Como vimos, o estado em que o mundo de The New Order se encontra é algo deprimente. A ONL acaba sendo um equivalente mais bruto da Otan nesse mundo, lutando e financiando golpes em países autoritários para preservar o pouco de liberdade que ainda resta nele. E mesmo que a liberdade seja algo que os países alinhados aos EUA querem manter, ainda assim, todas as ideologias nesse mundo tendem para um estado forte e intervencionista. Nem mesmo dentro do jogo existe espaço para ideologias mais libertárias, sendo as mais próximas uma vertente libertária de esquerda (por mais contraditório que seja) e o liberalismo de mercado. Nem na vastidão do território russo temos algum líder militar libertário anarcocapitalista, com o exemplo mais próximo sendo o do Mercenário americano Werbell que vivia em Magadan, na Rússia.
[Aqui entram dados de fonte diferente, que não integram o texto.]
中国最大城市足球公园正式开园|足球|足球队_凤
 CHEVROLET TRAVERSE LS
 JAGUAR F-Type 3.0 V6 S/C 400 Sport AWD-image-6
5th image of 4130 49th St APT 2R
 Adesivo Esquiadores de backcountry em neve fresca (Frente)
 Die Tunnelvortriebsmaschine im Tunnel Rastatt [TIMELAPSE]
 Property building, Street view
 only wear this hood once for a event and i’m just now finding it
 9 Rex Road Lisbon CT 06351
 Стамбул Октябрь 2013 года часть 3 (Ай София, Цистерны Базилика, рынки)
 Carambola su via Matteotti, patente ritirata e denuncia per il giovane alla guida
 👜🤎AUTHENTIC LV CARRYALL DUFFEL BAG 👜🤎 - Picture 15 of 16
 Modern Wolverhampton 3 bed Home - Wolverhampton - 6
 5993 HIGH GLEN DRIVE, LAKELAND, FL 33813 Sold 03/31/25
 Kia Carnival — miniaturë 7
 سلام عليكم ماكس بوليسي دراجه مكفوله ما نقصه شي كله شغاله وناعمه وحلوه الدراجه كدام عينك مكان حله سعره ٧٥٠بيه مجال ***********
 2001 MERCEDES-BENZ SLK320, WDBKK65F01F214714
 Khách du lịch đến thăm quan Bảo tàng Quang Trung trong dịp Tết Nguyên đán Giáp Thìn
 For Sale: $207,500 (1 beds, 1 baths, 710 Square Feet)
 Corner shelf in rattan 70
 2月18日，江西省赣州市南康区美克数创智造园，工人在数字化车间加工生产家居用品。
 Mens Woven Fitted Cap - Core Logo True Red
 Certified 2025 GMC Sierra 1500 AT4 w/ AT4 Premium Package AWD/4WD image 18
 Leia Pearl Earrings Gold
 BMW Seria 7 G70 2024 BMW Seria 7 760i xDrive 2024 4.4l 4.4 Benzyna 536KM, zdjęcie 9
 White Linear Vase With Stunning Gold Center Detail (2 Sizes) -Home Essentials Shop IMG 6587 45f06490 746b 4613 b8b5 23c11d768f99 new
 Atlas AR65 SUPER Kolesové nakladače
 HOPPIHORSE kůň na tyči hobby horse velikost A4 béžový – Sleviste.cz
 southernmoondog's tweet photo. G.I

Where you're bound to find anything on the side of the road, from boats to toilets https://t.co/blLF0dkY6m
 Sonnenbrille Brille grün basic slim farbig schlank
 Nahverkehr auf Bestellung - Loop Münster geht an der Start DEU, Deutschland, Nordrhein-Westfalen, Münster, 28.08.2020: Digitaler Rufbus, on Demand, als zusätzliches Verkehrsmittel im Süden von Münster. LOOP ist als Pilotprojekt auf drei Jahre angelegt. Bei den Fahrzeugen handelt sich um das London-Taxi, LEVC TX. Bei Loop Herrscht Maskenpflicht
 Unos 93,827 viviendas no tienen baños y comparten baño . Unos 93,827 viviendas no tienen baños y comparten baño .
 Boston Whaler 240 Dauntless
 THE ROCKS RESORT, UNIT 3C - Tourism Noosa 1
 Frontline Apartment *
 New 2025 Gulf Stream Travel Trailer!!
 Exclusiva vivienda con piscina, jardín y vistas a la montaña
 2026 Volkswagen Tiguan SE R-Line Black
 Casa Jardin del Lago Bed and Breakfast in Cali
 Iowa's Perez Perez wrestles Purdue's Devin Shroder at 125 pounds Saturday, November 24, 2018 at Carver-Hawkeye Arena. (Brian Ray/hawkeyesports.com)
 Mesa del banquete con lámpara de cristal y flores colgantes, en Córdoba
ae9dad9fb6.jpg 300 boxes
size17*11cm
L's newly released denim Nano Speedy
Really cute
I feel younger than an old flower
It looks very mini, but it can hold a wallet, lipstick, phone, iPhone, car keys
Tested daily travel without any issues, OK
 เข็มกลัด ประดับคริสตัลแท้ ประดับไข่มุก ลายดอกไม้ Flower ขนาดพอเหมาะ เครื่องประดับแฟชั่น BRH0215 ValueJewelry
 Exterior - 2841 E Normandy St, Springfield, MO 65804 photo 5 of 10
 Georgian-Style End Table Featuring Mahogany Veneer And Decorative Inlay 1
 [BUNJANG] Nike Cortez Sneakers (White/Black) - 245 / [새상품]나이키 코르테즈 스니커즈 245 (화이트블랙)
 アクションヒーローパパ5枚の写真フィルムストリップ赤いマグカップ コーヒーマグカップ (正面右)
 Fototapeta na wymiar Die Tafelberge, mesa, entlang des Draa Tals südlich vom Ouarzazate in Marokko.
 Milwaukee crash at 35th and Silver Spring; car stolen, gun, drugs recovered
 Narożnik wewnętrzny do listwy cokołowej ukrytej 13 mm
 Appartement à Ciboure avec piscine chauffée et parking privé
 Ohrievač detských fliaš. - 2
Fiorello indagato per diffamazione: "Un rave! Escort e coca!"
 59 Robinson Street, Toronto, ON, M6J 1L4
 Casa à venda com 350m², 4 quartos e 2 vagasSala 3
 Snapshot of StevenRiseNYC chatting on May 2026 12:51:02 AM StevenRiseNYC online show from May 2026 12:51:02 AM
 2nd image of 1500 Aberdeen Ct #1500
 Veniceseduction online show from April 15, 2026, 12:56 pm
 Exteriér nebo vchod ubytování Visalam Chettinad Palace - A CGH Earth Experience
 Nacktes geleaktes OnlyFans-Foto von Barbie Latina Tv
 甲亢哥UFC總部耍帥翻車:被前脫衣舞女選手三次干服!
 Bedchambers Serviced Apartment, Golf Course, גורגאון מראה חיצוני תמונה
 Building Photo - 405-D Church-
A Segunda Guerra Mundial teve um impacto grande, dando origem à Guerra Fria entre os blocos socialista e capitalista. A União Soviética, apesar de ser uma ditadura, adotou o discurso de liberdade ao fazer diversas propagandas de que era uma "ditadura popular" para "libertar os trabalhadores". Esse fato mostra como, mesmo em ditaduras totalitárias, a tendência do ser humano, em geral, é apoiar a liberdade. Sabendo disso, os comunistas alegavam defender a liberdade, mesmo não apoiando a liberdade individual ou o direito de propriedade do seu povo.
No mundo de The New Order é altamente propagada a ideia do estado como o papel de protetor da liberdade, por mais irônico que pareça. Os cidadãos acreditam que sem uma organização central, acabariam caindo na mão de estados ainda piores. Até os movimentos antiguerra dentro da história pregavam um caminho estratégico, acreditando que a guerra na Europa já estava perdida e só seria perda de tempo gastar mais recursos com esse conflito.
Como toda guerra, esse grande conflito mundial só tornou o mundo cada vez mais militarista, dividido e violento. Acreditando que com uma luta constante, que só tira mais recursos da população e centraliza o poder estatal, seja necessário para alcançar uma paz futura. Nem mesmo o tal avanço tecnológico que se tem nessas guerras é recompensador, vindo com um custo extremamente alto de vidas humanas, recursos e até destruindo cidades inteiras. A guerra entre os entes estatais não é benéfica ao povo que morre nela, somente aos burocratas que a comandam e ganham mais poder. Afinal, como a guerra direciona recursos e mão de obra para uma máquina de destruição em prol da elite estatal no poder, os inventores, empreendedores e especialistas que poderiam estar criando serviços e soluções no mercado ficam impedidos de fazê-lo. O comércio global diminui com tantos países hostilizando uns aos outros e se fechando ao aos negócios internacionais. É evidente, portanto, que o caminho da guerra é o caminho da pobreza, destruição e coletivismo que só pode beneficiar aqueles que tem ganância pelo poder total.
Enfim, caso as forças do Eixo tivessem vencido a guerra, seja de maneira mundial ou só uma grande dominação europeia, não é difícil imaginar que o mundo teria hoje valores totalmente diferentes. Teríamos governos mais autoritários e pró-fascismo, escravidão de outros povos e a dominação por guerra sendo algo mais comum. Além disso, o holocausto perpetrado pelos nazistas teria uma dimensão maior e destruiria a vida de outros povos. Com os ideais americanos, se consolidou hoje um mundo muito mais voltado para o individualismo e pela liberdade pró-mercado em vários países ocidentais. Coisa que no mundo de The New Order infelizmente não aconteceu e não teve condições para isso. Pois como o próprio nome do Mod diz, esses são os últimos dias da Europa, pois nenhum futuro se reserva a um mundo sem liberdade.